Pejotização: A importância do Tema 1389 para a jurisprudência tributária
A recente suspensão dos processos sobre “pejotização” em todo o país, determinada pelo ministro Gilmar Mendes, do Supremo Tribunal Federal, reacende um debate crucial para empresas, profissionais e o Fisco: quais os limites legais da contratação via pessoa jurídica?
O julgamento do Tema 1.389 pelo STF promete uniformizar entendimentos e terá impactos significativos não apenas nas relações de trabalho, mas também na arrecadação tributária e previdenciária.
No artigo abaixo, Douglas S. Ayres Domingues, da equipe de Direito Tributário de Di Ciero Advogados, analisa os principais pontos em debate e diz porque essa decisão deve ser acompanhada de perto por quem atua nas áreas jurídica, contábil e de gestão empresarial.
———————————————————————————————————————————————————
Em 14 de abril de 2025, o ministro Gilmar Mendes suspendeu nacionalmente todos os processos que discutem a licitude da contratação de pessoas jurídicas para prestação de serviços até que o STF fixe uma tese de repercussão geral sobre o tema (Tema 1.389).
Tal medida decorre da multiplicidade de entendimentos, em especial na justiça trabalhista, desde que o STF entendeu pela constitucionalidade da terceirização de atividade-fim.
Através do tema 1.389, o STF pretende analisar a questão de forma ampla na esperança de pacificar a jurisprudência nos tribunais ao delimitar regras mais transparentes sobre como os casos de “pejotização” devem ser tratados e julgados.
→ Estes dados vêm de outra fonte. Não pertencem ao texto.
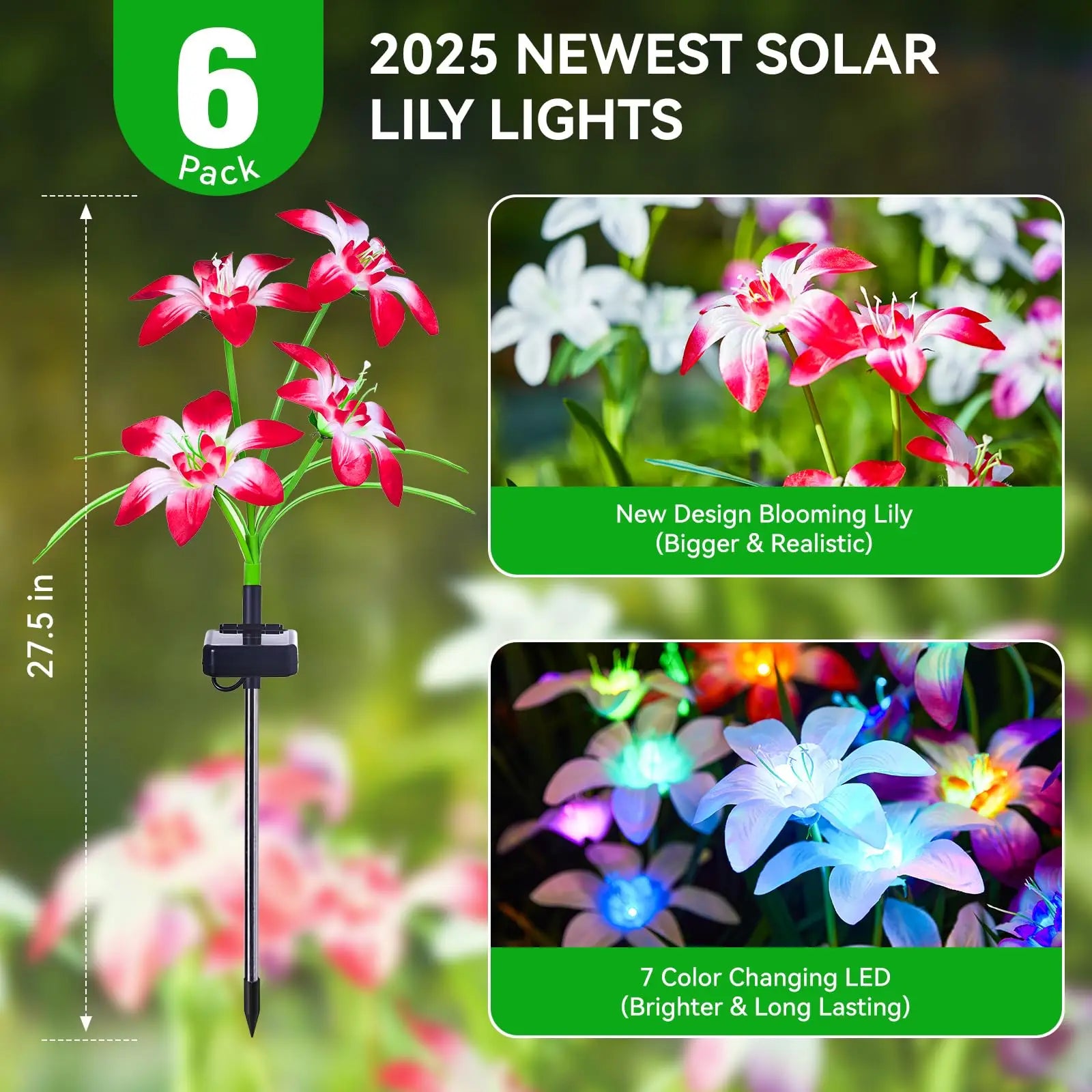 Solar Lily Flower Light, 7 Colors Changing Solar Lights, Waterproof Solar Pathway Landscape Lights, Outdoor Courtyard Garden Yard Decor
Apesar do contexto trabalhista, a “pejotização” possui reflexo na área tributária e previdenciária, visto que, ao se organizar como empresa, a tendência é a de que um profissional autônomo, por exemplo, reduza os seus recolhimentos de imposto de renda, contribuição previdenciária e outros encargos, além do contratante também reduzir a tributação incidente sobre a folha de salários.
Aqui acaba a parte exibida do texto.